Everyone these days is talking about the metaverse, and the world’s biggest brands aren’t about to miss out. Companies from fashion brands to tech companies to the F&B industry are all rolling out their plans to plant their flags in the ecosystem’s virtual soil.
For example, Gucci recently purchased digital real estate in The Sandbox to create an interactive fashion experience. Adidas is also setting up in The Sandbox by partnering with NFT collection Bored Ape Yacht Club to create digital clothes for users to wear inside the virtual platform. Meanwhile, fast food giant McDonalds announced that it is registering its McDonald’s and McCafe trademarks in the metaverse and plans to launch a virtual restaurant integrated with home delivery.
The tech industry is getting in on the game as well, with NVIDIA launching its virtual work experience “NVIDIA Omniverse”, which will integrate Open-source 3D animation tool Blender along with Adobe.
Most companies’ strategy centers on inserting its real-life products or brand experience into the metaverse ecosystem, such as setting up virtual storefronts or issuing NFTs. And these initiatives are certainly garnering no shortage of media attention. The real question is: how can these brands successfully integrate themselves into the ecosystem while competing with web3-native companies and facing consumers with shorter attention spans?
With these brands moving into the metaverse, I can’t help but be reminded of the Second Life phenomenon and the huge business opportunities it created in the early aughts. According to developer Linden Lab’s estimate, about $60 million US dollars worth of “products” were traded on the interactive gaming platform in 2006 alone. Major brands such as Adidas, Reebok, and Toyota all threw their hats in the ring. However, their virtual storefronts ended up getting very little digital foot traffic.
So what went wrong? In my view, it was mainly a marketing problem. According to statistics, nearly a third of players at the time were unaware that these online stores even existed in the game. Additionally, most of the virtual products offered were more or less the same as the real-life products, and players would quickly exit the store after purchasing.
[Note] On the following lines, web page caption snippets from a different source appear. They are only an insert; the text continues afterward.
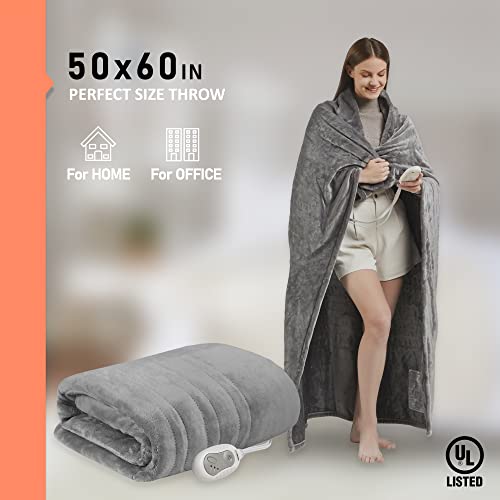 Heated Blanket, Machine Washable Extremely Soft and Comfortable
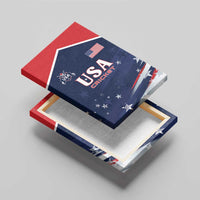 USA Cricket Canvas Wall Art US Team Play Bold Play Proud - Wonder Print Shop
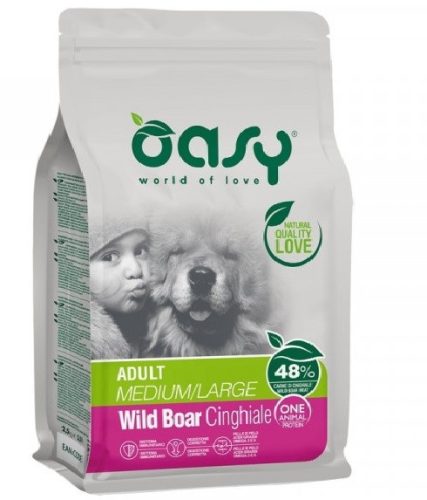 Oasy Dog OAP Adult Medium-Large Wild Boar 12kg ingyenes szállítás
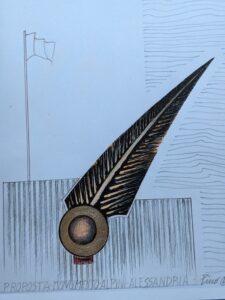 Penna di luce e di memorie all’Alpino di Alessandria - studi grafici, 2022 Penna di luce e di memorie all’Alpino di Alessandria - studi grafici, 2022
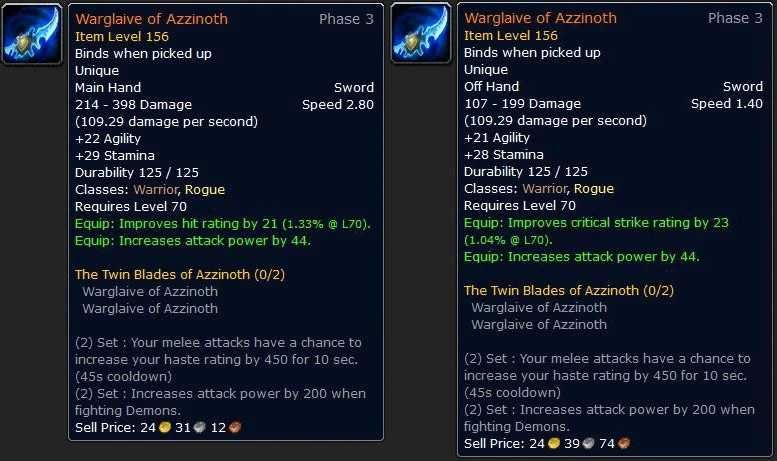 Brelok Warglaive of Azzinoth WoW, niesamowite detale World of Warcraft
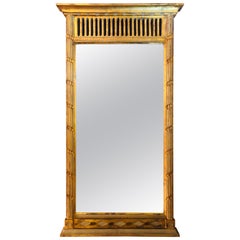 Italian Neoclassical Style Hollywood Regency Gilt Wall Mirror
This gave brands little opportunity to build a connection to users. Add on the fact that the products bought by players served no clear practical or even gaming function, which meant even less incentive to buy.
The above factors all contributed to a business failure and even left many fans feeling acrimonious about real life brands invading the virtual worlds they had created. However, I think the failure to monetize Second Life is a great use case for the brands now entering the metaverse.
The metaverse presents brands with a totally new marketing battlefield that will not only test their creativity but also their ability to successfully combine hardware, software, and IT talent. These companies will have to work out how to integrate AR/VR, gaming equipment, and blockchain technology into marketing activities to create a fully immersive experience. A smooth payment experience supporting a wide range of cross-device payment options such as credit cards and virtual currency exchange will also be a key factor in brands’ ability to monetize virtual assets. Additionally, we have to consider how quickly consumers become familiar with these emerging technologies.
The investment of big brands in the metaverse goes beyond attracting a younger and broader consumer group and flipping their brand image. It is about speeding up the development of a future virtual economy. As more brands jump into the metaverse, the concept will gain wider acceptance and lead us towards a world where the virtual and the physical exist side by side.